# **EMBEDDED SPEECH RECOGNITION SYSTEM ON 8-BIT MCU CORE**

Dong Wang, Liang Zhang, Jia Liu and Runsheng Liu

Department of Electronic Engineering, Tsinghua University, Beijing wdong01@mails.tsinghua.edu.cn

## ABSTRACT

This is a small vocabulary, speaker independent, discrete word speech recognition system based on the System On Chip (SOC) philosophy. It is implemented on an 8-bit MCU (Micro Control Unit). The system adopts Linear Predictive Cepstral Coefficient (LPCC) related features followed by Vector Quantization (VQ) step as front end, and Hidden Marcov Model (HMM) as speech model. Confidence measure based on likelihood score (LLS) are given for rejection of Out-Of-Vacabulary (OOV) words. The recognition rate is improved with corrective training, and robustness is acquired by integrating confidence measure into the system. The recognition accuracy is nearly 97% with a vocabulary up to 30 phrases under normal conditions. Simple speech codec is also implemented for all speech I/O purpose.

## **1. INTRODUCTION**

The embedded speech recognition system is becoming more important in the recent years with the rapid development of the handheld devices and other portable devices.
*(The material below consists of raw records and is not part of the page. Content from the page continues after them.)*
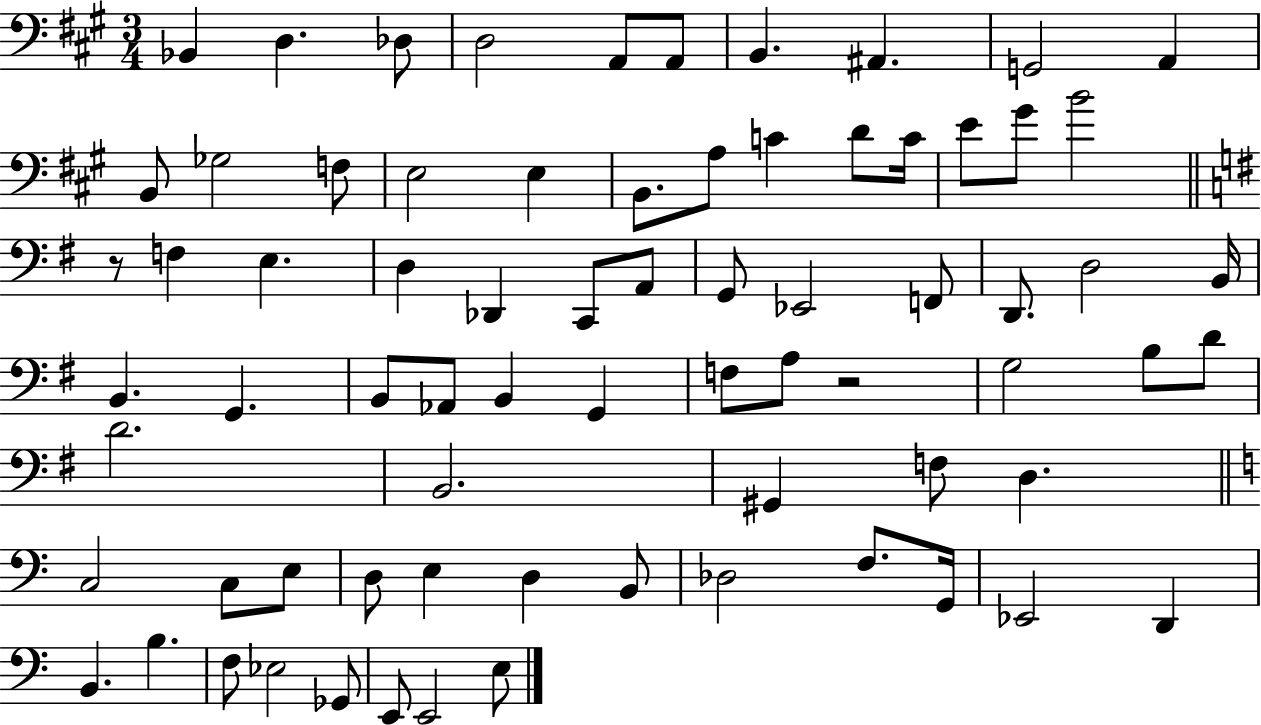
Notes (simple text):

Bb2/q D3/q. Db3/e D3/h A2/e A2/e B2/q. A#2/q. G2/h A2/q B2/e Gb3/h F3/e E3/h E3/q B2/e. A3/e C4/q D4/e C4/s E4/e G#4/e B4/h R/e F3/q E3/q. D3/q Db2/q C2/e A2/e G2/e Eb2/h F2/e D2/e. D3/h B2/s B2/q. G2/q. B2/e Ab2/e B2/q G2/q F3/e A3/e R/h G3/h B3/e D4/e D4/h. B2/h. G#2/q F3/e D3/q. C3/h C3/e E3/e D3/e E3/q D3/q B2/e Db3/h F3/e. G2/s Eb2/h D2/q B2/q. B3/q. F3/e Eb3/h Gb2/e E2/e E2/h E3/e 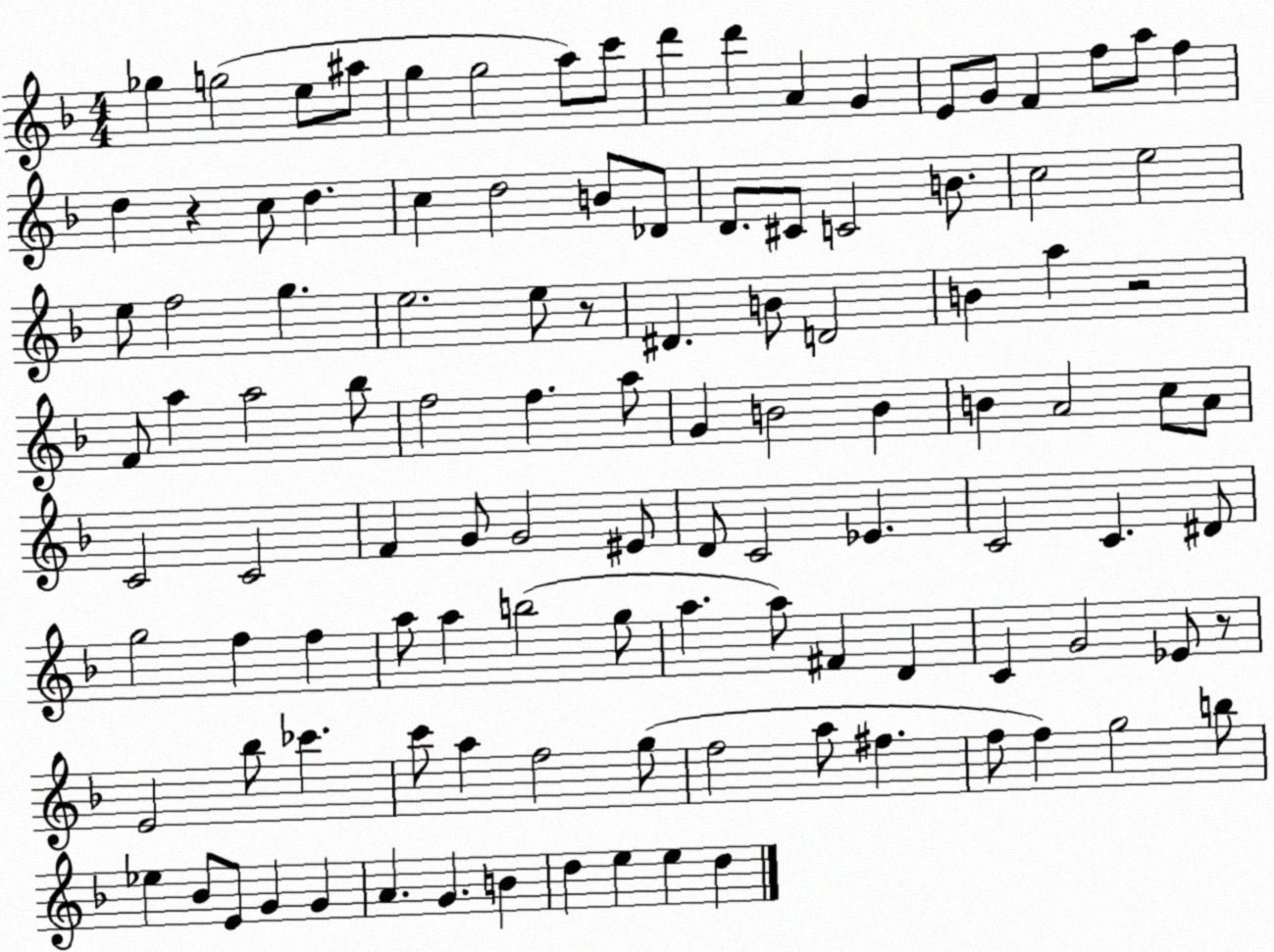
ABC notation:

X:1
T:Untitled
M:4/4
L:1/4
K:F
_g g2 e/2 ^a/2 g g2 a/2 c'/2 d' d' A G E/2 G/2 F f/2 a/2 f d z c/2 d c d2 B/2 _D/2 D/2 ^C/2 C2 B/2 c2 e2 e/2 f2 g e2 e/2 z/2 ^D B/2 D2 B a z2 F/2 a a2 _b/2 f2 f a/2 G B2 B B A2 c/2 A/2 C2 C2 F G/2 G2 ^E/2 D/2 C2 _E C2 C ^D/2 g2 f f a/2 a b2 g/2 a a/2 ^F D C G2 _E/2 z/2 E2 _b/2 _c' c'/2 a f2 g/2 f2 a/2 ^f f/2 f g2 b/2 _e _B/2 E/2 G G A G B d e e d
Handheld devices are extremely limited by cost, power and size. And it needs more smart user interface other than keyboard. In the field of consumer electronics such as toy industry which only requires simple speech commands, small-vocabulary speaker-dependent name dialing and speaker-independent command control are very useful. And implementions based on Dynamic Time Warping (DTW) and Continuous HMM (CHMM) have been successfully employed in mobile phones, personal digital assistants and toys. But currently most of these implementations are on DSP platform, which is very expensive, especially for cost sensitive toys. For example, QualComm has developed PureVoice speech recognition engine for a mixed 100 word speaker-dependent and 30 word speaker independent task in one system within the CDMA chipset. [1] Using Artificial Neural Network (ANN) schema, Sensory Inc. achieves an recognition rate of above 95% for speaker independent tasks with up to 15 words using 8-bit MCU. [2] Formally we also proposed a speaker dependent system based on an 8051 core in [3].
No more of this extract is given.